Katılan şirket vekilinin temyiz isteği; sanığın yüklenen suçu işlediğine, düşme kararının usul ve yasaya aykırı olduğuna ilişkindir.

III. GEREKÇE

A. Suçtan Zarar Gören Şirket Vekilinin Temyizi Yönünden

Suçtan zarar gören şirketin, 5271 sayılı Kanun’un 237 nci maddesinin birinci fıkrası uyarınca kamu davasında katılan sıfatının bulunmadığı, aynı Kanun’un 260 ıncı maddesinin birinci fıkrası gereği sanık hakkındaki hükmü temyize hak ve yetkisinin bulunmadığı anlaşılmıştır.

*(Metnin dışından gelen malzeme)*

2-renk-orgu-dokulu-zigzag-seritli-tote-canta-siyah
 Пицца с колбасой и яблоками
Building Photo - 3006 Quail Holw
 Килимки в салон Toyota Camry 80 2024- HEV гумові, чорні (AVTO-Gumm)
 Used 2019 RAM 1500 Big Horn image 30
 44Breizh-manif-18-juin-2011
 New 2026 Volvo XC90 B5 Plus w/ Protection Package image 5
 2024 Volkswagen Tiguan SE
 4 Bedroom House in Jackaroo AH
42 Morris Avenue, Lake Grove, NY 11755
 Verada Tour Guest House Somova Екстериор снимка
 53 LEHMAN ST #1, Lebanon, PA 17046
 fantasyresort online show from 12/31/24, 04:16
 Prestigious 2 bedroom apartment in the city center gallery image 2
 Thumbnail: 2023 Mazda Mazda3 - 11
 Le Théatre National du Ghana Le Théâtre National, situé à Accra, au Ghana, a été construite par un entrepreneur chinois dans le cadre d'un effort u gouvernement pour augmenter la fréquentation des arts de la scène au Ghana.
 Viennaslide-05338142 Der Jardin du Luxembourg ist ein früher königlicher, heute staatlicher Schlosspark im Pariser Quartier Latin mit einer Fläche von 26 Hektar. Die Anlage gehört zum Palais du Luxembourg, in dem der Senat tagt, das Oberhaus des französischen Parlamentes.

B. Katılan Şirket Vekilinin Temyizi Yönünden

Sanığın yargılama konusu eylemleri için, 5237 sayılı Kanun'un 204 üncü maddesinin birinci fıkrası uyarınca belirlenecek cezanın türü ve üst haddine göre 5237 sayılı Kanun'un 66 ncı maddesinin birinci fıkrasının (e) bendi ve 67 inci maddesinin dördüncü fıkrası gereği öngörülen 12 yıllık olağanüstü zamanaşımı süresinin, suç tarihlerinden hüküm tarihine kadar gerçekleşmiş olduğu anlaşılmıştır.

IV. KARAR

A. Suçtan Zarar Gören Şirket Vekilinin Temyizi Yönünden

Gerekçe bölümünde (A) bendinde açıklanan nedenle suçtan zarar gören şirket vekilinin temyiz isteğinin 1412 sayılı Kanun’un 317 nci maddesi gereği, Tebliğname’ye aykırı olarak, oy birliğiyle REDDİNE,

B. Katılan Şirket Vekilinin Temyizi Yönünden

Gerekçe bölümünde (B) bendinde açıklanan nedenle İzmir 6. Ağır Ceza Mahkemesinin, 17.03.2022 tarihli ve 2021/230 Esas, 2022/99 Karar sayılı kararında katılan şirket vekili tarafından öne sürülen temyiz sebepleri yönünden herhangi bir hukuka aykırılık görülmediğinden katılan şirket vekilinin temyiz sebeplerinin reddiyle hükmün, Tebliğname’ye uygun olarak, oy birliğiyle ONANMASINA,

Dava dosyasının, Mahkemesine gönderilmek üzere Yargıtay Cumhuriyet Başsavcılığına TEVDİİNE,

27.04.2023 tarihinde karar verildi.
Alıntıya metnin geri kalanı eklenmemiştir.